What you return should be only the lines starting at the one that contains "NULYLU Pierres de" and running to the end of the listing, exactly as written, minus any pictures.

------ DATA SEGMENT ------

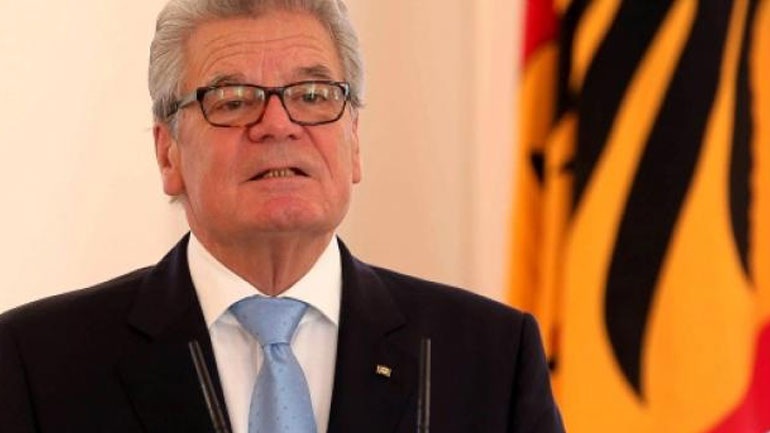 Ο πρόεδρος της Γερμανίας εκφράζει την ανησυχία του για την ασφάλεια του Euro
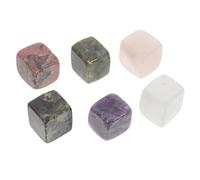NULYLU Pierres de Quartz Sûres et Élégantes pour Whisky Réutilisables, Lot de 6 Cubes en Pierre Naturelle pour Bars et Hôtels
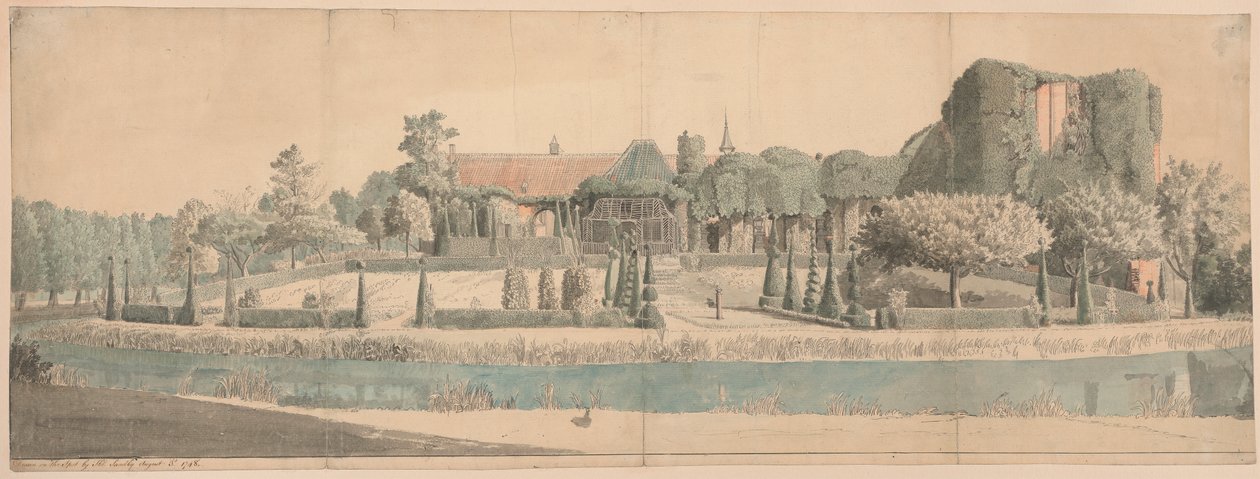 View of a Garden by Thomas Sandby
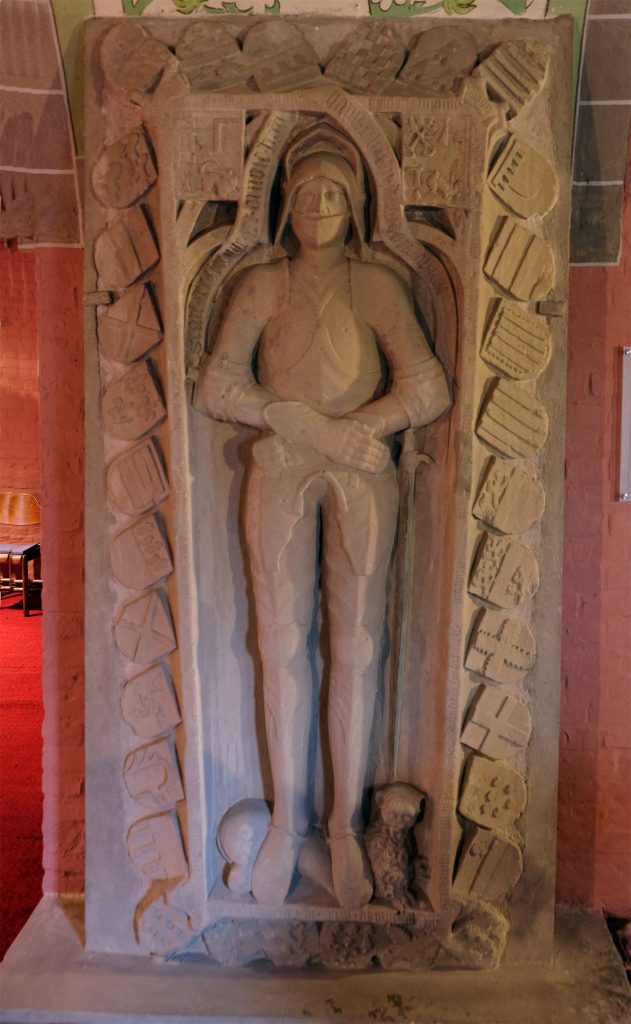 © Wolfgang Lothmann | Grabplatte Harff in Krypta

------

• **RESPONSE AREA**:
NULYLU Pierres de Quartz Sûres et Élégantes pour Whisky Réutilisables, Lot de 6 Cubes en Pierre Naturelle pour Bars et Hôtels
 View of a Garden by Thomas Sandby
 © Wolfgang Lothmann | Grabplatte Harff in Krypta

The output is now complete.